__Data under study__

-------

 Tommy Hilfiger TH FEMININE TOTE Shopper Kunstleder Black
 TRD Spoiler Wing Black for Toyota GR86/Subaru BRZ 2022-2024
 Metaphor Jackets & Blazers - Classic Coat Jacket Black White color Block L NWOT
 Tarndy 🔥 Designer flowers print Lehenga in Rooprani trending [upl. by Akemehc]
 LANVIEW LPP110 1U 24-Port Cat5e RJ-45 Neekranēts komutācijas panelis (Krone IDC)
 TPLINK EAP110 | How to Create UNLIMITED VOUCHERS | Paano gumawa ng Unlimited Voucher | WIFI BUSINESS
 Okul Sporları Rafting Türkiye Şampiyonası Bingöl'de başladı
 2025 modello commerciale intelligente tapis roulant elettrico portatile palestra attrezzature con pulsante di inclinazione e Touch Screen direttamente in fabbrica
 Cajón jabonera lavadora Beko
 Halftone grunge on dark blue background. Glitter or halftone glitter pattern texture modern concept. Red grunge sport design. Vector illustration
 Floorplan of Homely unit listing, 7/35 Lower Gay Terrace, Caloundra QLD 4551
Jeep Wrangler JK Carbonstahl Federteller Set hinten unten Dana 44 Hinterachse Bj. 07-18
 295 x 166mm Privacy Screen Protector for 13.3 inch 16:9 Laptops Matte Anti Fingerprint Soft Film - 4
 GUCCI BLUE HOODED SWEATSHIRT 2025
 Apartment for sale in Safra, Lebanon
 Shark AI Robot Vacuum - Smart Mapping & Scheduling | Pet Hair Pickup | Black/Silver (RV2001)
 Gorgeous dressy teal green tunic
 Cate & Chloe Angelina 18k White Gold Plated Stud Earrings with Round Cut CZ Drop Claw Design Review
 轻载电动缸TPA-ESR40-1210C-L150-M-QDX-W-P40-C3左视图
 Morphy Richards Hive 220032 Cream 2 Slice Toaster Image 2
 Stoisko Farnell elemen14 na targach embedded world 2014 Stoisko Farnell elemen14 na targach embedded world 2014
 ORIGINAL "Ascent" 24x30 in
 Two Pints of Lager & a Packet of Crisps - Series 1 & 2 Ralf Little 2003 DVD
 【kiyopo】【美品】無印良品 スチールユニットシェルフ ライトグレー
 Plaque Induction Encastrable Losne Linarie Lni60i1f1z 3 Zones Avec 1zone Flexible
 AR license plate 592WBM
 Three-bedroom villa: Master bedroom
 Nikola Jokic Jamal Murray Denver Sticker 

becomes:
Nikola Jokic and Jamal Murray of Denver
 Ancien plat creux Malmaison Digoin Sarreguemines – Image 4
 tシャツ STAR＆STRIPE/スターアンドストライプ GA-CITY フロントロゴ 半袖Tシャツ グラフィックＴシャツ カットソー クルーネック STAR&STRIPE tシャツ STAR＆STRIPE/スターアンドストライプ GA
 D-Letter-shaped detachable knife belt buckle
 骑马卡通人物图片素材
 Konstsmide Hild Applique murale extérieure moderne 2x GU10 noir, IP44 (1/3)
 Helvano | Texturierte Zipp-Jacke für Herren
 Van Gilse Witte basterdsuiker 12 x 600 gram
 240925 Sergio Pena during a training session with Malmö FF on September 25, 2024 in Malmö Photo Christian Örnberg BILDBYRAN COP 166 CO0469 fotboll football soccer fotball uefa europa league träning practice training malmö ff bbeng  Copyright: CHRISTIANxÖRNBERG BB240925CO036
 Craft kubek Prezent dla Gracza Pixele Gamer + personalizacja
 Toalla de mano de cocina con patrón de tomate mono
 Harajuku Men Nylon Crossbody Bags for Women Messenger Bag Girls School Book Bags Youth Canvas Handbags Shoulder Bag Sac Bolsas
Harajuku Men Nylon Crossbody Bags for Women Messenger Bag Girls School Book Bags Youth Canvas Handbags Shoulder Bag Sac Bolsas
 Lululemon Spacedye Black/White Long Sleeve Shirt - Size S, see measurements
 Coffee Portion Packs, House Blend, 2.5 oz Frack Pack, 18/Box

-------

__Your objective__
For the listing above, print only the lines starting at the line containing "Apartment for sale in Safra, Lebanon" and ending at the line containing "AR license plate 592WBM", exactly, both included.

__Your response__
 Apartment for sale in Safra, Lebanon
 Shark AI Robot Vacuum - Smart Mapping & Scheduling | Pet Hair Pickup | Black/Silver (RV2001)
 Gorgeous dressy teal green tunic
 Cate & Chloe Angelina 18k White Gold Plated Stud Earrings with Round Cut CZ Drop Claw Design Review
 轻载电动缸TPA-ESR40-1210C-L150-M-QDX-W-P40-C3左视图
 Morphy Richards Hive 220032 Cream 2 Slice Toaster Image 2
 Stoisko Farnell elemen14 na targach embedded world 2014 Stoisko Farnell elemen14 na targach embedded world 2014
 ORIGINAL "Ascent" 24x30 in
 Two Pints of Lager & a Packet of Crisps - Series 1 & 2 Ralf Little 2003 DVD
 【kiyopo】【美品】無印良品 スチールユニットシェルフ ライトグレー
 Plaque Induction Encastrable Losne Linarie Lni60i1f1z 3 Zones Avec 1zone Flexible
 AR license plate 592WBM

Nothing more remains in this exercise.